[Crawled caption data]
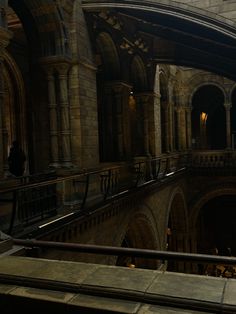 the interior of an old building with stone arches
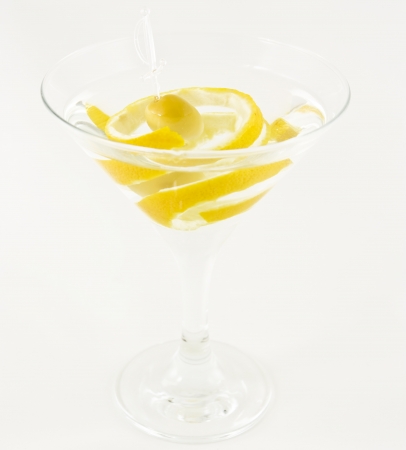 martini with olive and lemon in special martini glass  isolated on white background の写真素材
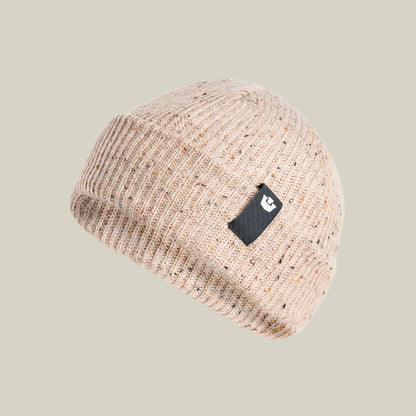 The Goorin Bros. No Comply beanie is a warm beige knit with a folded brim and a black patch featuring a white logo, set against a plain light background—ideal for cozy, stylish comfort.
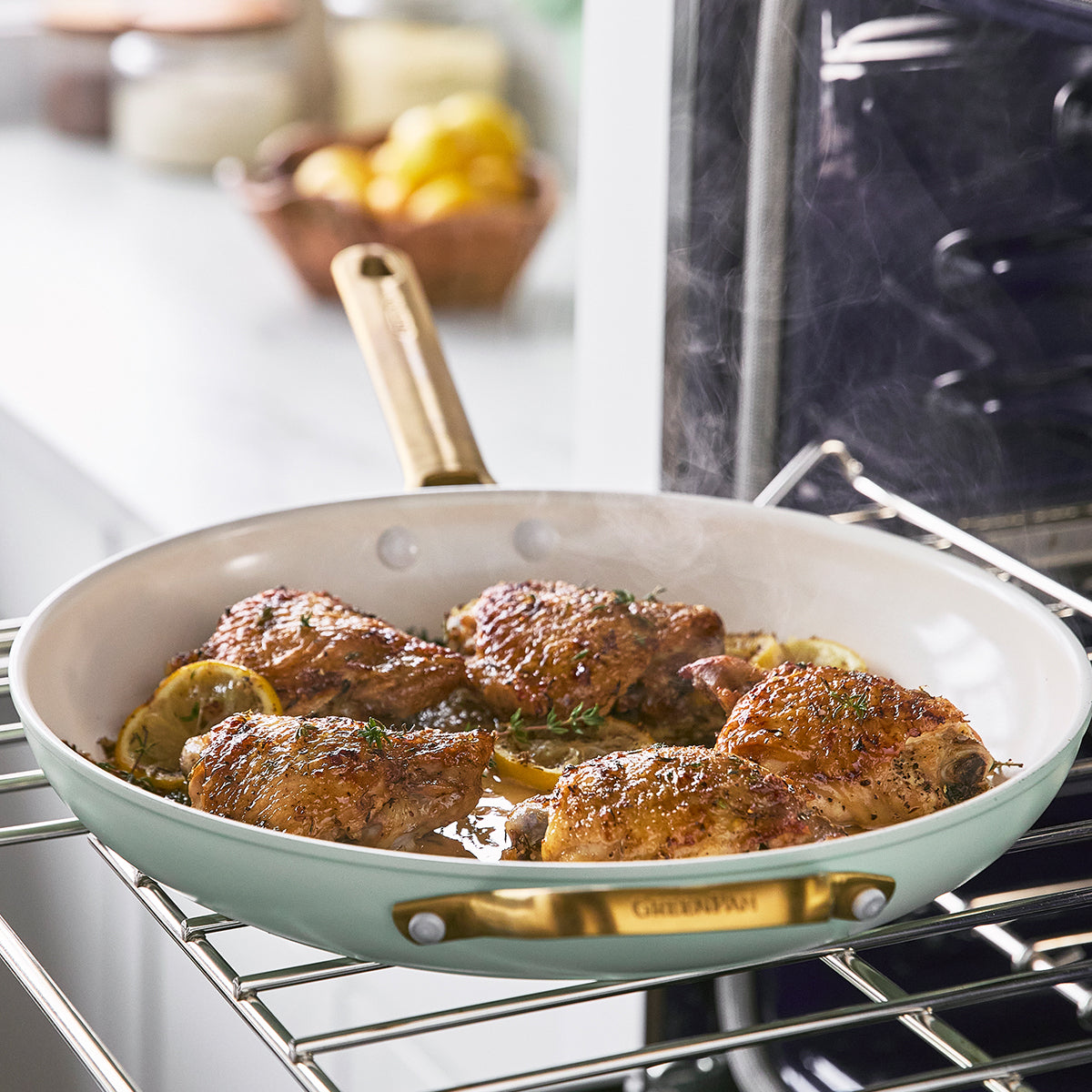 fry pan with chicken inside on oven rack.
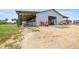 Exterior shot of the barn, showing multiple stalls and ample space for farm equipment at 5415 Nw 100Th St, Ocala, FL 34482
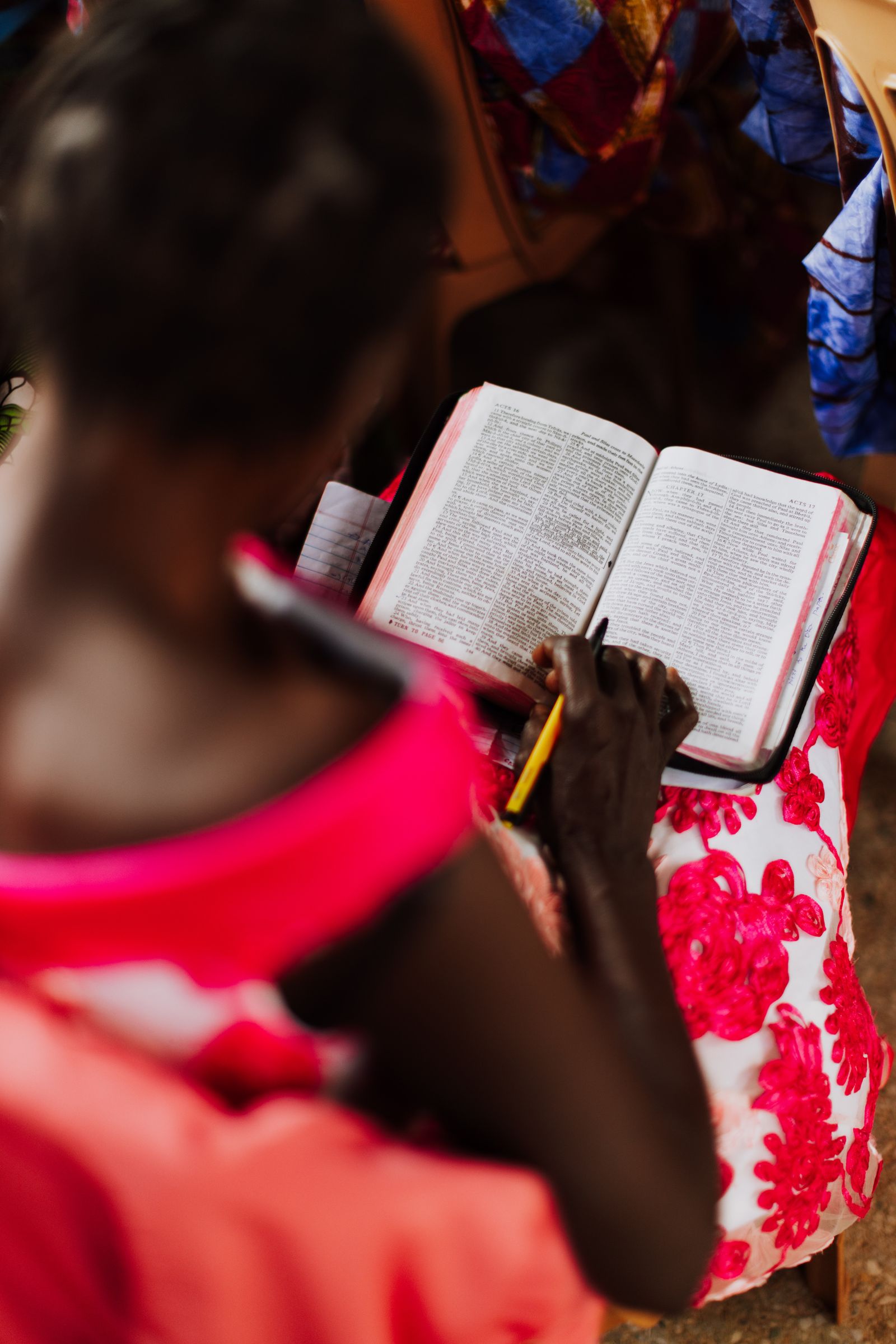 A woman reading and studying her Bible with a pencil during quiet devotional time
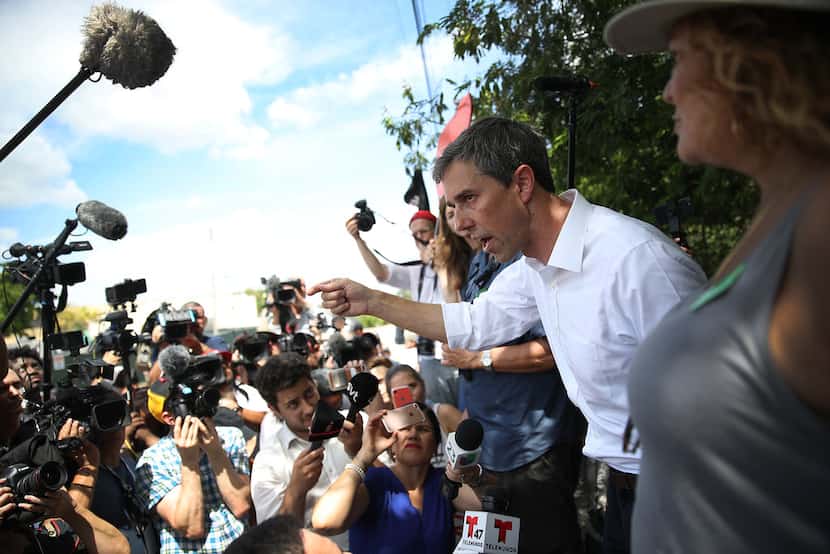 Democratic presidential candidate Beto ORourke speaks to the media as he visits the outside...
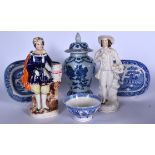 A BLUE AND WHITE POTTERY VASE AND COVER, together with two Staffordshire figures etc. (6)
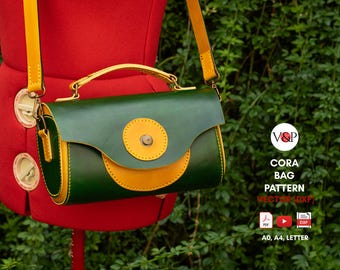 May include: A green and yellow leather bag with a top handle and a shoulder strap. The bag has a circular design on the front and is displayed on a red mannequin. The text "CORA BAG PATTERN" is visible.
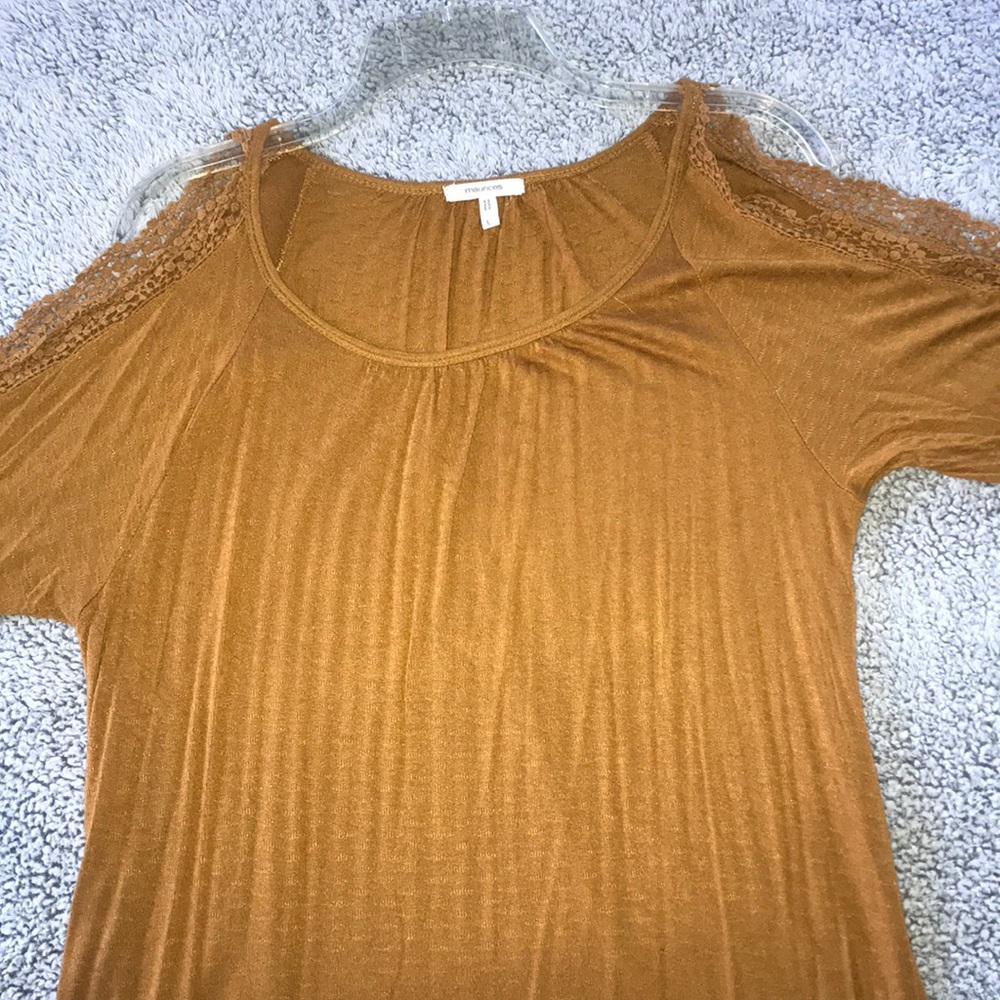 Mustard top with exposed shoulders/arm.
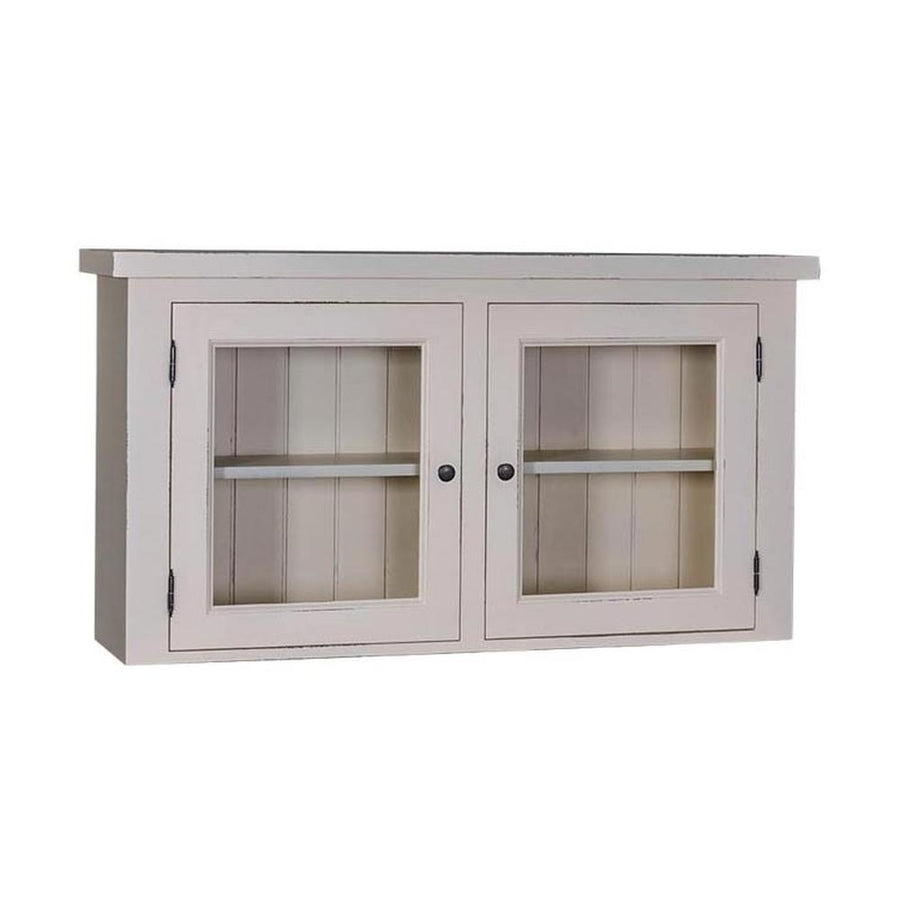 Bézs-színű fali konyhaszekrény, két üveges ajtóval. A tárolást egy polc segíti elő.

• Exercise
With the pictures removed from your copy, retype the lines above from the one that contains "martini with olive" through the one that contains "Democratic presidential candidate", exactly.

• Task output
 martini with olive and lemon in special martini glass  isolated on white background の写真素材
 The Goorin Bros. No Comply beanie is a warm beige knit with a folded brim and a black patch featuring a white logo, set against a plain light background—ideal for cozy, stylish comfort.
 fry pan with chicken inside on oven rack.
 Exterior shot of the barn, showing multiple stalls and ample space for farm equipment at 5415 Nw 100Th St, Ocala, FL 34482
 A woman reading and studying her Bible with a pencil during quiet devotional time
 Democratic presidential candidate Beto ORourke speaks to the media as he visits the outside...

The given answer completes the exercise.